The Department of Foreign Affairs and Trade said it is currently reviewing documentary requirements for first time passport applicants following a report from the Data Protection Commission on the public services card.
All first-time passport applicants aged 18 and over who are resident in Ireland have to obtain a public services card and present a photocopy of it when applying for their passport.
This requirement also applies to adult applicants whose last passport was issued prior to January 1st, 2005, and has since been reported as lost, stolen or damaged; or those whose last passport expired more than five years ago.
However, in a highly critical report on its investigation into the card, the Data Protection Commission found there was no legal reason to make individuals obtain the card in order to access State services other than social welfare payments and benefits.
The State has been told it must delete data held on 3.2 million citizens, which was gathered as part of the roll-out of the card, as there is no lawful basis for retaining it.
“The Passport Service is aware of the statement from the Data Protection Commission on matters pertaining to the Public Services Cards.
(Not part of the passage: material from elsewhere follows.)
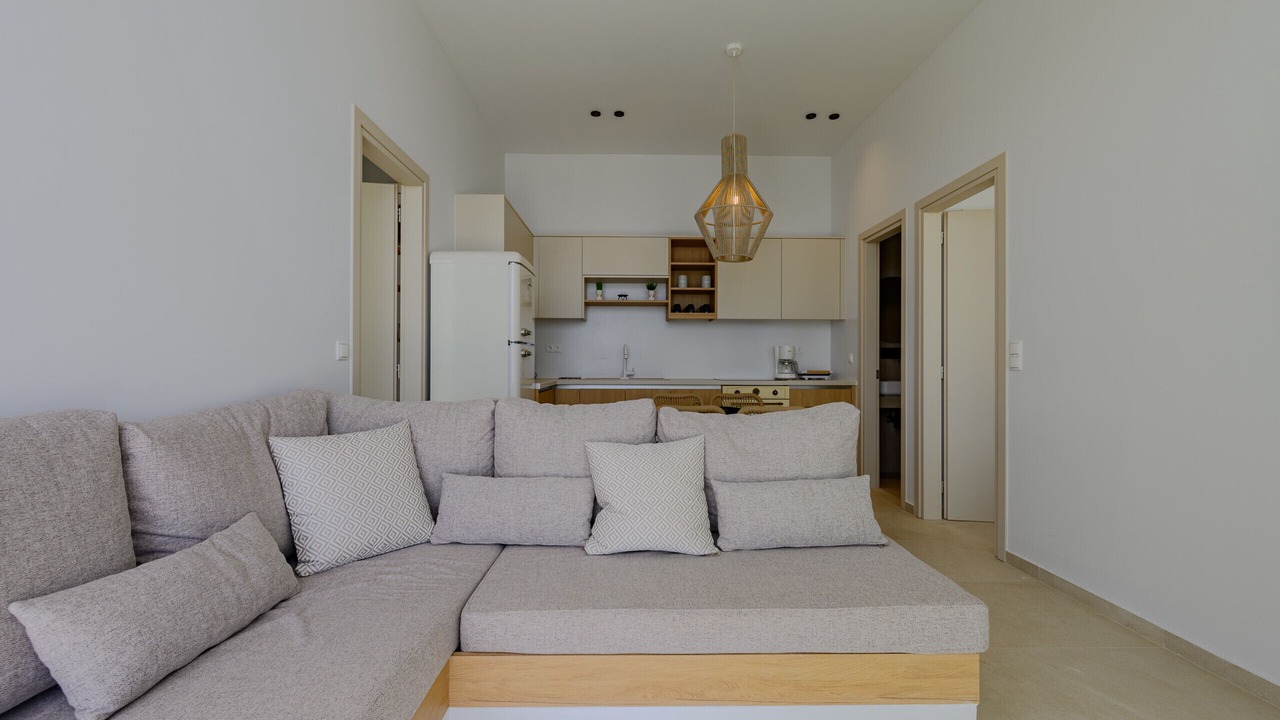 Photo of Bedroom in Agios Vasileios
We are currently reviewing our documentary requirements for first time applicants,” a spokeswoman for the Department of Foreign Affairs said.
The Data Protection Commission said on Friday the Department of Employment Affairs and Social Protection will be required to ensure that other public bodies “cannot insist that a person who does not already hold a public services card must obtain one as a pre-condition of accessing public services provided by that body”.
This must be done within a period of 21 days, it said in a statement.
The Data Protection Commission said it had identified a number of measures that the Department of Employment Affairs and Social Protection and other public bodies which utilise or rely on the card will now be required to take to bring the scheme “into compliance with data protection legislation”.
“However, recognising the structural nature of the changes that will be needed, the Department will be afforded a period of six weeks to submit an implementation plan to the DPC identifying the changes it will make to the PSC scheme and the time period within which those changes will be made,” it said.
The Data Protection Commission said “under applicable laws”, it is not open to publish its report without the prior agreement of the department.
“The DPC has written to the Department asking it to confirm, within a period of seven days, that it will either publish the report on its own website or, alternatively, that it will agree to the publication of the report on the commission’s website. The department’s response is awaited,” it said.